Franco Fiorucci, l’anima su carta L’acquerello che racconta una vita

Quando si vive una infanzia durissima nella città dove si è pensato – prima che altrove alla fine del Medioevo – che l’Uomo è la misura di tutte le cose, si acquisisce una capacità di sopravvivenza al dolore del vivere che può non avere pari.

Franco Fiorucci, urbinate e da decenni legato a Pesaro, racconta sempre questo aspetto nella sua opera grafica. Nel suo lavoro c’è il turbinìo delle cose che può avvolgere chiunque; ci sono sentimenti estremi, colori che scavano nella psiche, c’è il senso del rumore, il sibilo del vento. Ma su carta, quella materia fragilissima che però è il pilastro della civiltà, questa lotta alla fine trova pace con il suo segno che prende forma ora con l’acquerello e basta, a volte con pastelli e acquerello. Quella che ritrae non è una quiete a seguito della quale ci sono risparmiate le sofferenze anteriori. Non ci viene tolta la fatica pregressa, finalmente superata: tutto è visibile. Nei suoi lavori è come se ci fosse una sequenza cinematografica, un po’ come accadeva nella pittura dei grandi del Trecento, in particolare nei cicli degli affreschi nelle chiese. Vediamo tutto quello che è accaduto nell’anima dell’autore, come se fosse possibile cogliere su una sola pagina la prima e l’ultima riga di un libro, con tutta la trama descritta.

Negli acquerelli di Fiorucci troviamo condensato il presente, che è un punto fermo, e ogni travaglio precedente. Quel punto fermo esiste eccome nelle opere, basta osservarle e si capisce che c’è un elemento attorno al quale tutto ruota. Possiamo dirlo: grazie ai suoi lavori l’autore è “salvo“. Ha superato la prove durissime della vita, ce le racconta in ogni lavoro e ci fa sapere che c’è la possibilità di dare un verso equilibrato a tutto, anche se intorno ogni cosa sembra portare alla disperazione. C’è da ripensare alle sue vacche maestose e materne che disegnava fin da giovanissimo (fu vedendo quei lavori che il ceramista Federico Melis notò il giovane Fiorucci e disse a Leonardo Castellani e Francesco Carnevali che quel ragazzo orfano andava subito accolto alla Scuola del Libro; quelle vacche sono state come una natività protettrice e profetica perché annunciavano la sua affermazione).

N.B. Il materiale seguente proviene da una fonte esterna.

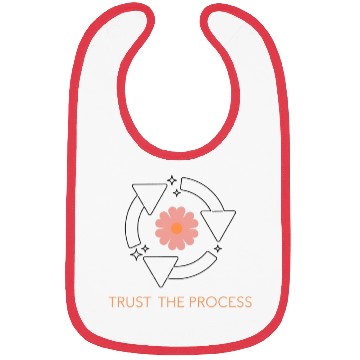 Discover Trust the Process Blossom Bibs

Oggi Fiorucci intorno a sé ha le migliori certezze della vita, come una famiglia fantastica, fama e successo. Per lui ora la vita è facile, ma tra gli anni Trenta e Quaranta (quando ancora si riteneva che Hitler potesse vincere la Seconda Guerra Mondiale) ha vissuto nell’orfanotrofio di Urbino – dove viveva a causa della morte di tutti i familiari avvenuta nel giro di pochi mesi, ovvero di coloro che si sarebbero potuti prendere cura di lui – una situazione di dolore assoluto, che difficilmente un’anima giovane poteva sopportare.

Erano altri tempi, si dirà. Ma non erano tempi sprofondati nell’antichità: parliamo del Novecento e Fiorucci è oggi con noi, qui presente, a porgerci i suoi lavori che ha scelto per una bella mostra che è doveroso andare a vedere. Ha scelto un luogo insolito, ma neanche tanto fuori tema: il Museo della Linea dei Goti di Montegridolfo, in provincia di Rimini, ma praticamente a due passi dalle case nostre. Da domenica 13 in quel Museo che racconta la resistenza e il dolore alla tragedia dell’ultima guerra, Fiorucci metterà in fila una trentina di opere nel più semplice dei modi: con il passe-partout dalla dimensione giusta e perfetta per i suoi lavori, nessun vetro e nessuna cornice. C’è l’opera al centro di tutto, perché per un artista quello che conta è l’opera. La mostra apre domenica 13 (rimarrà fino al 20 agosto) e alle ore 17 di domenica 13 ci sarà un momento di presentazione dove sarà possibile ascoltare ulteriori riflessioni sul lavoro di un artista che tanto ha influito sulle nuove generazioni di autori contemporanei.